Parlare delle professionalità di domani significa fornire solide competenze di base ma anche soft skill, coltivare il talento, inserire forza lavoro ad alta specializzazione, sviluppare nuovi ecosistemi di imprenditoria con forte potenziale innovativo favorendo le startup.

È fondamentale per anticipare le evoluzioni in atto e comprendere le potenzialità dei nuovi trend tecnologici: dalla manifattura 4.0, all’intelligenza artificiale, ai servizi 5G, all’utilizzo dei dati come fonte di nuovo valore. 

Non a caso, il PNRR stanzia 1,5 miliardi di euro per il dottorato di ricerca: 430 milioni di euro per l’estensione del numero di dottorati (basti pensare che in Italia abbiamo un Ph.D. ogni mille abitanti e che il numero complessivo è diminuito del 30% negli ultimi dieci anni) e ben 600 milioni per quelli innovativi in risposta ai fabbisogni segnalati dal mondo delle imprese.

Competenze digitali, istruzione tecnica e discipline STEM: il PNRR un’occasione da non sprecare per progettare il futuro

Altro grande punto di attenzione del PNRR è quello dell’Istruzione Tecnica Superiore, alla quale è destinato lo stesso ammontare di fondi con l’obiettivo, piuttosto ambizioso, di aumentare il numero degli studenti del 100% fino a 18.750 iscritti e 5.250 diplomati all’anno.

Il punto della questione è però un altro: quello di garantire, così facendo, una riduzione del così detto “mismatching” delle competenze, una situazione che accomuna secondo molte fonti più della metà delle imprese italiane. 

Il rapporto pubblico-privato sul fronte dell’istruzione tecnica e delle competenze STEM si dimostra, senza ombra di dubbio, uno dei nodi cruciali per la crescita del Paese. Fondazione Politecnico di Milano, nata nel 2003 con il preciso intento di avvicinare l’università al mondo dell’impresa, si adopera per dare un segnale concreto e innovativo. Sono numerosi i progetti portati avanti negli ultimi anni, spesso in collaborazione con altre importanti fondazioni non profit, rivolti agli istituti tecnici a indirizzo tecnologico.
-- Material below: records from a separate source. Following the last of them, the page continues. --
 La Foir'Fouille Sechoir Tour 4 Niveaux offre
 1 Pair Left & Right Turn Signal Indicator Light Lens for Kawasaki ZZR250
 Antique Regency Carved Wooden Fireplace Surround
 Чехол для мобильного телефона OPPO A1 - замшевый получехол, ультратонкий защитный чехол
Perché se è vero che in Italia, seconda potenza manifatturiera in Europa, si perderanno 610mila posti di lavoro nelle funzioni di assemblaggio e produzione a seguito un maggiore uso di computerizzazione e automazione, è vero anche che ce ne saranno 910mila in più legati a nuove competenze IT, analytics e di ricerca e sviluppo.

Il tema sul quale intervenire per dare una risposta concreta alle reali istanze del mondo del lavoro in evoluzione, è farlo non più con singole iniziative disgiunte, seppur nobili, ma facendo in modo che queste si inseriscano in un quadro collettivo, in un disegno complessivo del Paese che immaginiamo tra 30 anni. Per questo il PNRR rappresenta una grande occasione da non sprecare per progettare e implementare il futuro che vogliamo per l’Italia.
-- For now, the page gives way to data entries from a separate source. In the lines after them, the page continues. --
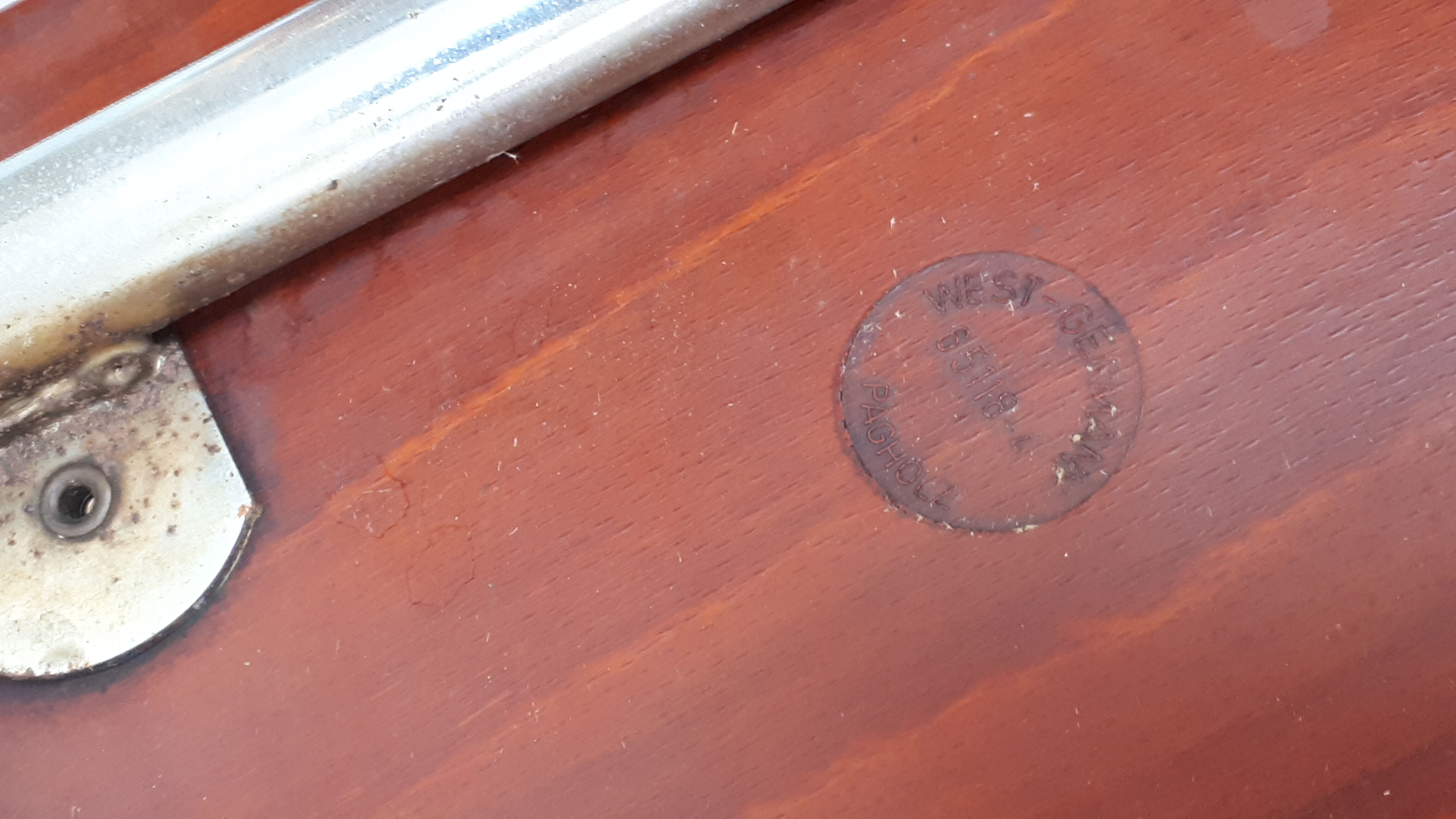 Set of 4 chairs Pagholz 60s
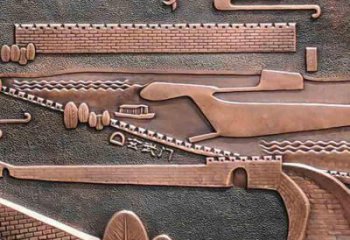 十堰銅浮雕景墻雕塑，圓雕工藝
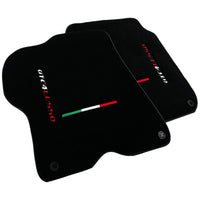 Black Floor Mats For Ferrari GTC4 Lusso (2016-2023) Italian Edition - AutoWin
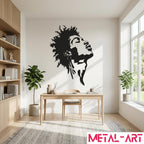 Eyes to the Sky - laser-cut metal wall art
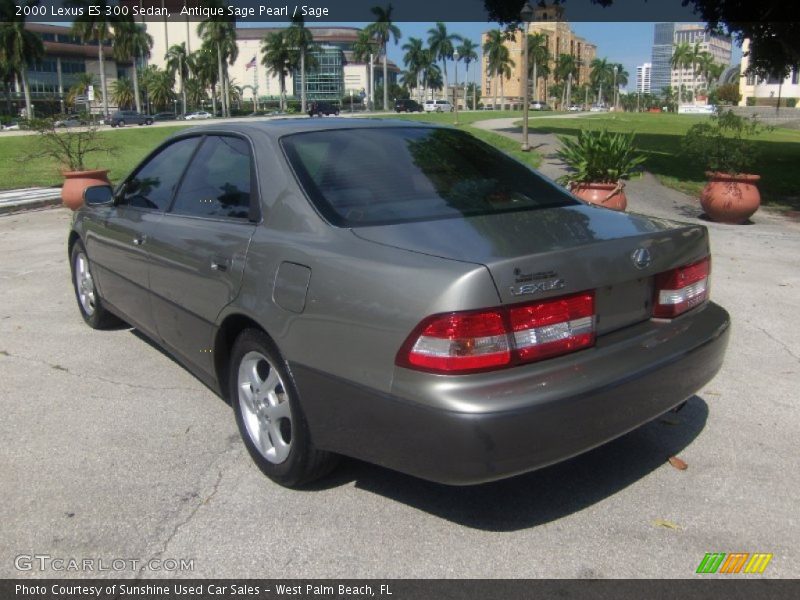 Antique Sage Pearl / Sage 2000 Lexus ES 300 Sedan
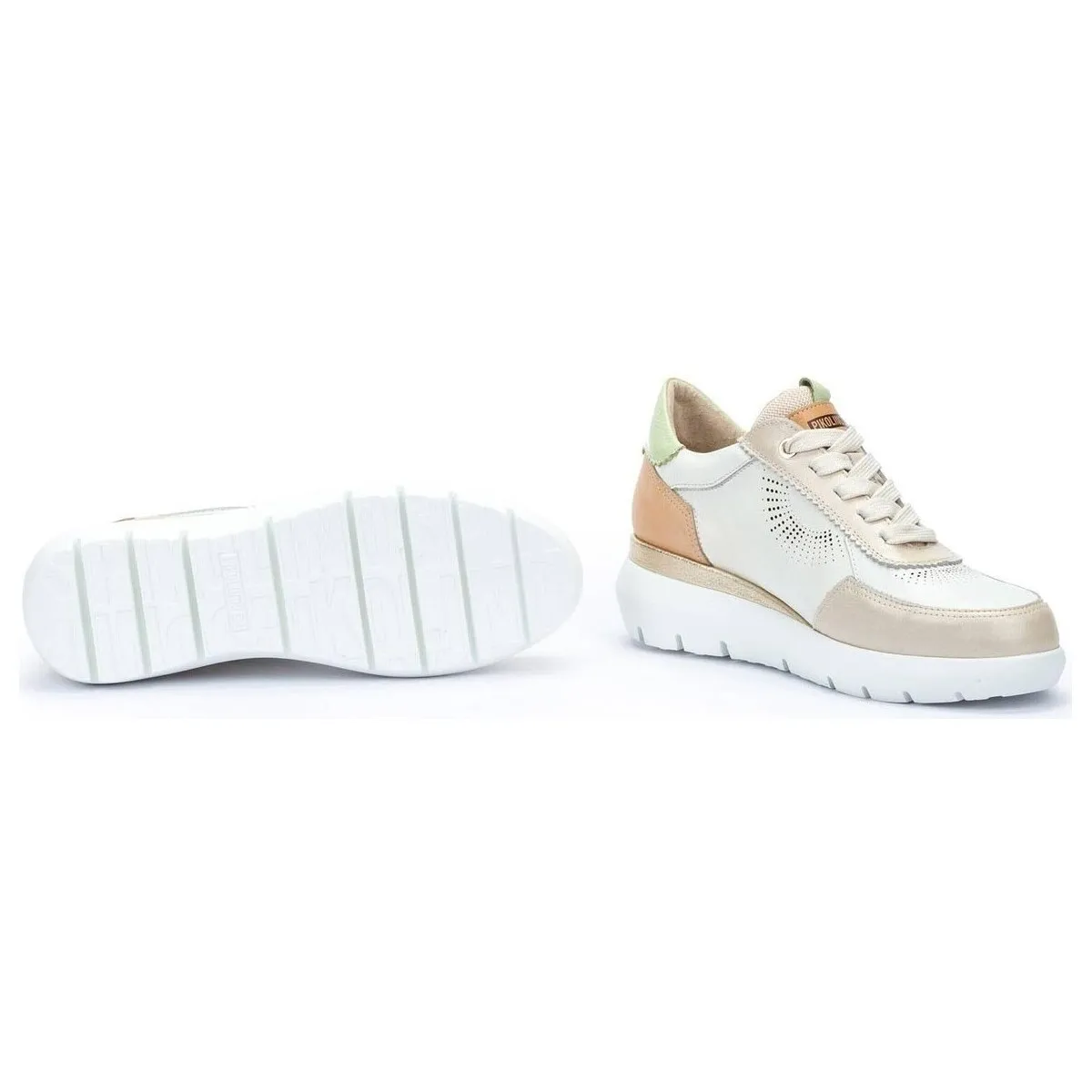 ZAPATILLAS URBANAS MUJER  RUEDA W2A-6553C1 BLANCO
Solo con un cambio di passo, creando sistemi virtuosi e misure efficaci, riusciremo a costruire una prospettiva di futuro migliore, sfruttando quel progresso tecnologico che da sempre detta i tempi del cambiamento da dover governare: dalla rivolta luddista nell’Inghilterra della rivoluzione industriale, alla comparsa dei robot nelle fabbriche degli anni ’80, alla transizione digitale in atto.